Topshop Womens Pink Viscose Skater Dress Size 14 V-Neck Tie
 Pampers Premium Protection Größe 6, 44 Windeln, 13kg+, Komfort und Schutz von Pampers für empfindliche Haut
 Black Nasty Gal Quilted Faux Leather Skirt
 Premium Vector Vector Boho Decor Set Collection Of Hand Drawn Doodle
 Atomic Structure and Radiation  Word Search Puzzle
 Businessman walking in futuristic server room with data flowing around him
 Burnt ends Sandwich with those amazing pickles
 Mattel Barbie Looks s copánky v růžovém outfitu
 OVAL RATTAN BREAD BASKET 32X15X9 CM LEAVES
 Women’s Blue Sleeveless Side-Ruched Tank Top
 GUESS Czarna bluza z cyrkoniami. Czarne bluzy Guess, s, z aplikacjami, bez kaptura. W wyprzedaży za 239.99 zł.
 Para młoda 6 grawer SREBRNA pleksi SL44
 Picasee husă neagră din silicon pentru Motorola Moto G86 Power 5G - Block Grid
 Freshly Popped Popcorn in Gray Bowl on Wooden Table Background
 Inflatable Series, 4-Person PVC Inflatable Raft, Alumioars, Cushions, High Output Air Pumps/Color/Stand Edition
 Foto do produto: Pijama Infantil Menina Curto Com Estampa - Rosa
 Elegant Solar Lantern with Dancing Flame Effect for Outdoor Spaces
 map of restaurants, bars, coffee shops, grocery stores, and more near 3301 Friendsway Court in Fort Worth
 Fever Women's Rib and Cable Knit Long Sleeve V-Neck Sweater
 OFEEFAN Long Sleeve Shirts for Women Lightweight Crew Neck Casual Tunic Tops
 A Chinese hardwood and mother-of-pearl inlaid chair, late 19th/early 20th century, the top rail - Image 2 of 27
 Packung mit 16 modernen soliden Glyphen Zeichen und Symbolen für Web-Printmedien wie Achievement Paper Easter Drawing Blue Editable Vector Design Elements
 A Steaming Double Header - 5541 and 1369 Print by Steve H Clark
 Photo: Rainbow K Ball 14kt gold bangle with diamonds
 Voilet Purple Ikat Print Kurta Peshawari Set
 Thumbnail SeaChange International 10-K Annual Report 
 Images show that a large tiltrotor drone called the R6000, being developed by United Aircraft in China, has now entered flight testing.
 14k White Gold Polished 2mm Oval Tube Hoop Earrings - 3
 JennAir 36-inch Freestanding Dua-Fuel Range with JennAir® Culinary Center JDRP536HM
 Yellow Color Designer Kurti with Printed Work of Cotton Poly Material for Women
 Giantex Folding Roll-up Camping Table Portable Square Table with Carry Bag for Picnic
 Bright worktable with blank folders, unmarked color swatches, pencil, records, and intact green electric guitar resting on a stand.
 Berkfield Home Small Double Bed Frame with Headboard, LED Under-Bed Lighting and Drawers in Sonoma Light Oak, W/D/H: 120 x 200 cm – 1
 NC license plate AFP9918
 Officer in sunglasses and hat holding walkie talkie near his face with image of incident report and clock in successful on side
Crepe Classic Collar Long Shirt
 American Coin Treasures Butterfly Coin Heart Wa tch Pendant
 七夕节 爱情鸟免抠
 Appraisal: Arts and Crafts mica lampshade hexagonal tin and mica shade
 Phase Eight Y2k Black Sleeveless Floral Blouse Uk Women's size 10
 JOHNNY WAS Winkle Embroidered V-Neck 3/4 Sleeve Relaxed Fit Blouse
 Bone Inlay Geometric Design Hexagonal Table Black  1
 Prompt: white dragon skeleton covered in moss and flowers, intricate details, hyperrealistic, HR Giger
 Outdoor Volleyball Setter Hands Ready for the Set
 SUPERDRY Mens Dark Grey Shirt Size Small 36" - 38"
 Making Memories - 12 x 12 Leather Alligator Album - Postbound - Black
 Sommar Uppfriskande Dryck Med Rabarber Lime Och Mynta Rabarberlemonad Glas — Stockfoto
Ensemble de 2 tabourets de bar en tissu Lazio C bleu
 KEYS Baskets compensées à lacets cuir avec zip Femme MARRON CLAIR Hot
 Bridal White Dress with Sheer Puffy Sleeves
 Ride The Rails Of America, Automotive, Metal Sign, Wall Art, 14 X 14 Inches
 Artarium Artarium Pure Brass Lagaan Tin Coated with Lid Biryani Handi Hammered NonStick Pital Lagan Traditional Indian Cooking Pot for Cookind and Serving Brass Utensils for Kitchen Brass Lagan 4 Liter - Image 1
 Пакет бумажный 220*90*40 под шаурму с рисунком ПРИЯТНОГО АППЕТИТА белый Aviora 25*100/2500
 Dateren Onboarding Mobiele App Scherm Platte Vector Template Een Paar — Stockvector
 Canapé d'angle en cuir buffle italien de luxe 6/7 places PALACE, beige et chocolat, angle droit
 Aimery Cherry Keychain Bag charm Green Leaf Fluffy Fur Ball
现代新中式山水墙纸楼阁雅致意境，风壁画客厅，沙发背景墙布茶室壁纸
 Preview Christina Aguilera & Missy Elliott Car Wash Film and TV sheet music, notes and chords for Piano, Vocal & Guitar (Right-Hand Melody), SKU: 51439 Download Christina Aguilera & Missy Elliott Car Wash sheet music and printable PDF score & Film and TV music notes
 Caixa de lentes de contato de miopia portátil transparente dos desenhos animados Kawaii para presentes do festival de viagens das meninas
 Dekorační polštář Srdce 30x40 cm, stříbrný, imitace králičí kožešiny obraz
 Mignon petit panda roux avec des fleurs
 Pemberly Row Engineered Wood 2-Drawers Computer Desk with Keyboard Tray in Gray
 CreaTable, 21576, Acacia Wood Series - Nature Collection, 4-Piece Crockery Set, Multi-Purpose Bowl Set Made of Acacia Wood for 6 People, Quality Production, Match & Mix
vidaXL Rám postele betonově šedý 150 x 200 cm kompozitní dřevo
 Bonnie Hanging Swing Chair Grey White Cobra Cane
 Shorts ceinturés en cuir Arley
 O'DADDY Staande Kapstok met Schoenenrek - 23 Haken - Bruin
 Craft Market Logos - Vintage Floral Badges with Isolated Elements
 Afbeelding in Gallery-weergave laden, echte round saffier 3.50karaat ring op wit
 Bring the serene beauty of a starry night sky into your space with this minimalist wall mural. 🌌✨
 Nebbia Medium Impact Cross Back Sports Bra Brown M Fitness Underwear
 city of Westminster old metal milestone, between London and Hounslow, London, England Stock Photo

++++++

■ WHAT THIS TASK INVOLVES
Restate the records above verbatim up to and including the line containing "Mattel Barbie Looks".

■ SOLVED EXERCISE
Topshop Womens Pink Viscose Skater Dress Size 14 V-Neck Tie
 Pampers Premium Protection Größe 6, 44 Windeln, 13kg+, Komfort und Schutz von Pampers für empfindliche Haut
 Black Nasty Gal Quilted Faux Leather Skirt
 Premium Vector Vector Boho Decor Set Collection Of Hand Drawn Doodle
 Atomic Structure and Radiation  Word Search Puzzle
 Businessman walking in futuristic server room with data flowing around him
 Burnt ends Sandwich with those amazing pickles
 Mattel Barbie Looks s copánky v růžovém outfitu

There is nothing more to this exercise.